NASA SBIR 2003 Solicitation


PROPOSAL NUMBER:03-A2.06-8614 (For NASA Use Only - Chron: 034391)
SUBTOPIC TITLE:Modeling and Control of Complex Flows Over Aerospace Vehicles and Propulsion Systems
PROPOSAL TITLE:Low Mach Scramjet Cavity Flameholder Stabilization

SMALL BUSINESS CONCERN (Firm Name, Mail Address, City/State/Zip, Phone)
TDA Research, Inc.
12345 West 52nd Ave
Wheat Ridge ,CO 80033 - 1916
(303) 422 - 7819

PRINCIPAL INVESTIGATOR/PROJECT MANAGER (Name, E-mail, Mail Address, City/State/Zip, Phone)
Mr. James   Nabity
12345 W. 52nd Ave.
Wheat Ridge ,CO  80033 -1916
(303) 940 - 2313
U.S. Citizen or Legal Resident: Yes

This proposal addresses a NASA solicitation topic A2.06 need for propulsion system flow control. A dual mode ram/scram engine is the most likely cycle for the high-speed propulsion flowpath of turbine and rocket based combined cycle engines, but its feasibility with storable liquid hydrocarbon fuels remains to be demonstrated. A key reason is that a stable, low drag engine pilot for the needed operational envelope has eluded us. Due to its simplicity, the cavity flameholder is the subject of renewed investigation, but it suffers from acoustically coupled combustion instabilities originating in the shear flow. Active control of the shear flow over the cavity could substantially improve flameholding stability. Therefore, TDA Research, Inc. (TDA) proposes an active control strategy having no moving parts to manipulate the spectral content and amplitude of shear layer disturbances, and hence control the coupling responsible for resonance and unsteady flow response that leads to premature flame extinguishment. The proposed experimental and analytical development effort will produce a robust, stable and low drag scramjet engine pilot.

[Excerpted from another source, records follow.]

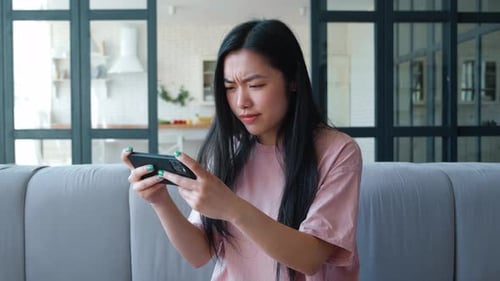 Woman playing game on smartphone at home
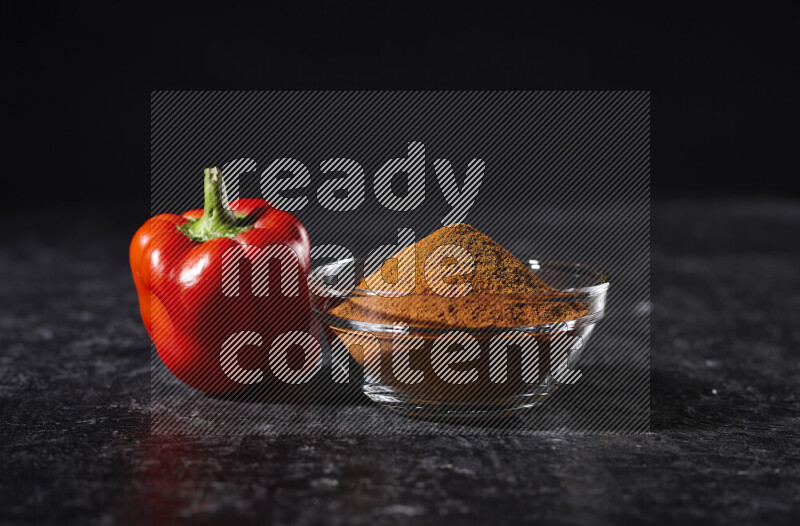 A glass bowl full of ground paprika powder on black background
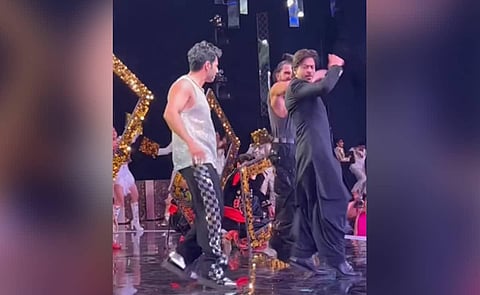 Shah Rukh Khan, Varun Dhawan and Ranveer Singh during a performance.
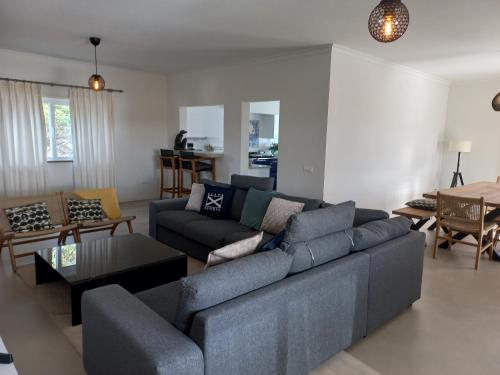 a living room with a couch and a table at Casa Tin Tin in Moncarapacho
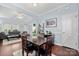 Elegant dining area with hardwood floors, a wooden table, and seamless flow to the living room at 12663 Windyedge Rd, Huntersville, NC 28078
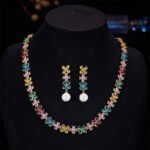 Western style light luxury flower zircon jewelry set wholesale featuring a colorful crystal floral tennis choker necklace and matching triple-tier flower pearl drop earrings from junejewelry.com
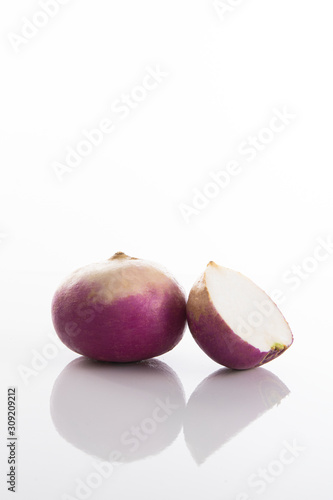 Fresh radish on a white surface with a white background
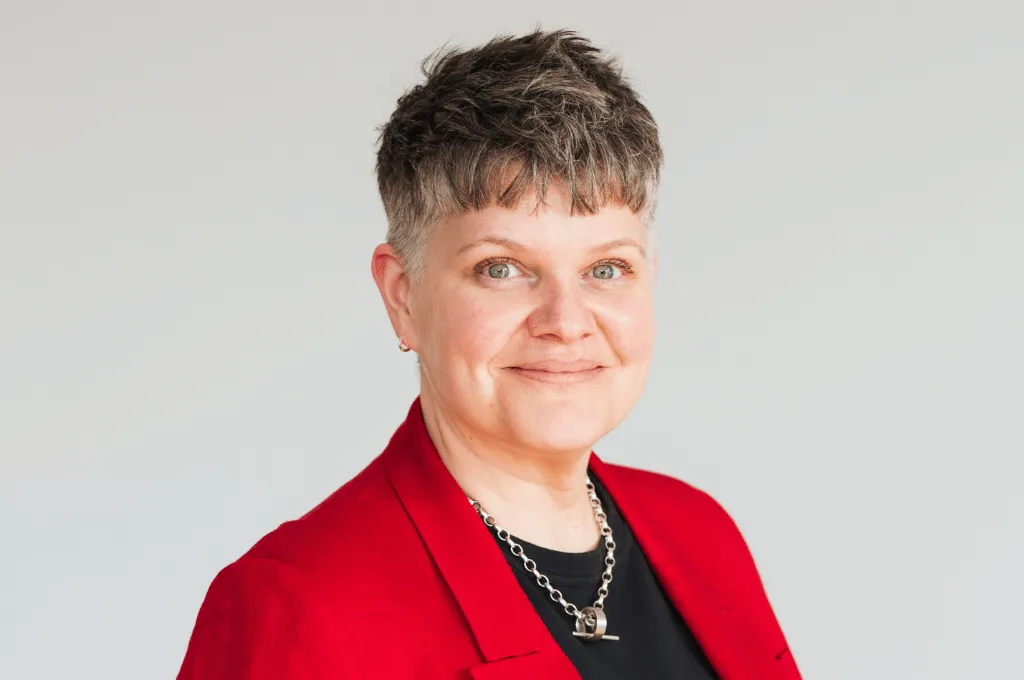 Charlotte Coates, team member at Scar Free Foundation, wearing red blazer against white background.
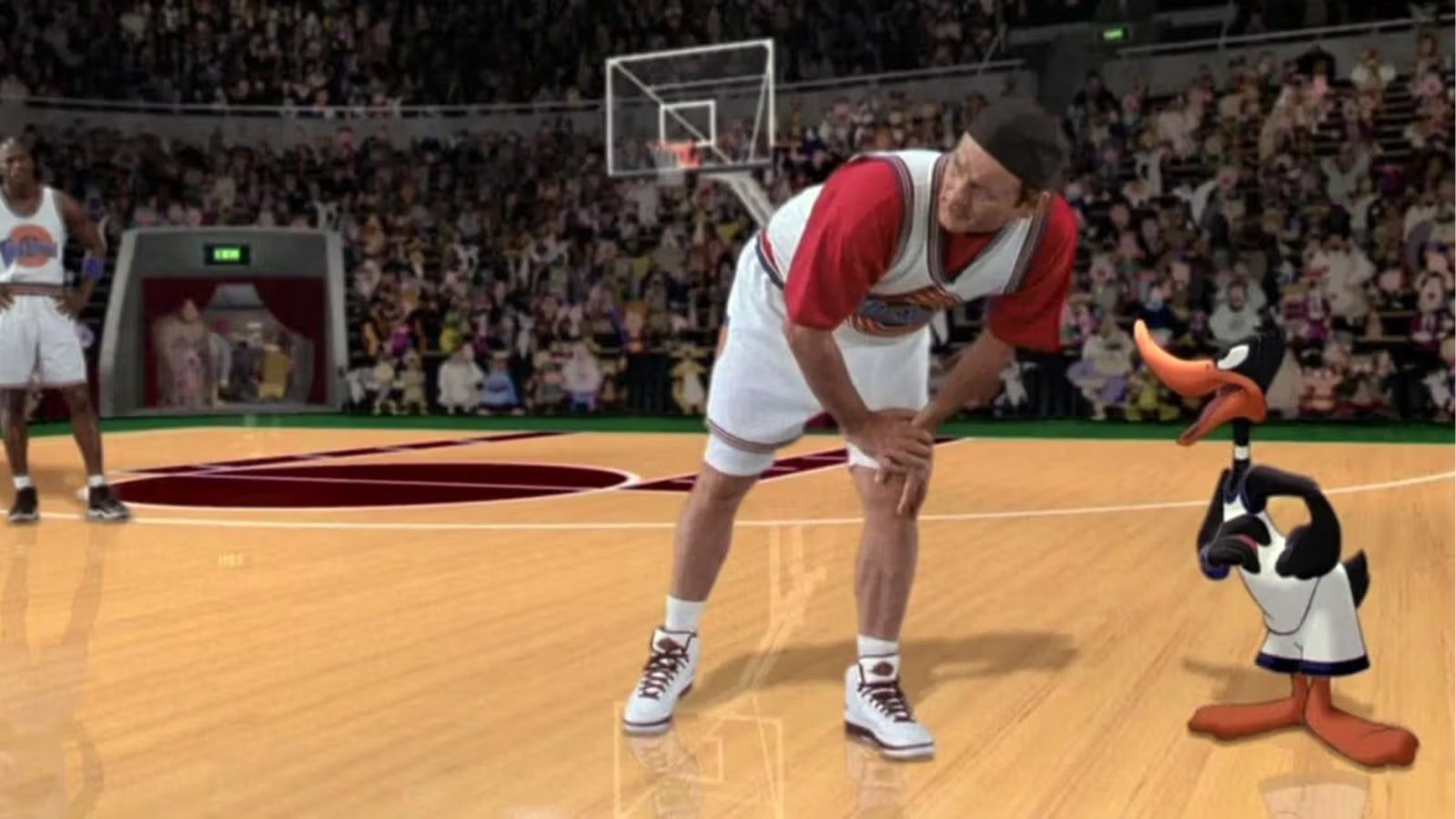 Hinh anh 1: Michael Jordan mang Air Jordan 11 Space Jam trong phim Space Jam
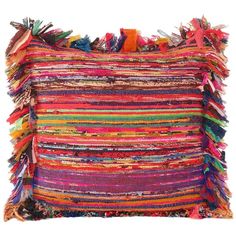 a multicolored pillow with fringes on the front and back, sitting on a white background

The control of shear layer dynamics is central to all cavity-flow control strategies due to coupling between the separated shear layer dynamics and cavity resonance characteristics. Therefore, the cavity flow stabilization technology proposed by TDA has wide-spread application to combustion flameholding and acoustic noise reduction. For example, future high speed aircraft powered by turbine-based combined cycle engines would benefit from low Mach transition to scramjet mode. In addition, the aircraft wheel wells are a large source of noise pollution during take-off and landing, which could be alleviated through shear layer control.

Countercurrent shear layer technology has also been shown to be effective in thrust vector control (TVC) resulting in increased aircraft agility. Improved short takeoff and landing capability for military aircraft is expected because of increased lift from a TVC system.

We can also apply this technology to automotive noise reduction for neighborhood and passenger comfort. Noise due to separated flow in wheel wells and off of side mirrors could be reduced.

In addition, a counterflow TVC system can increase missile agility resulting in reduced time-to-target and increased probability of kill.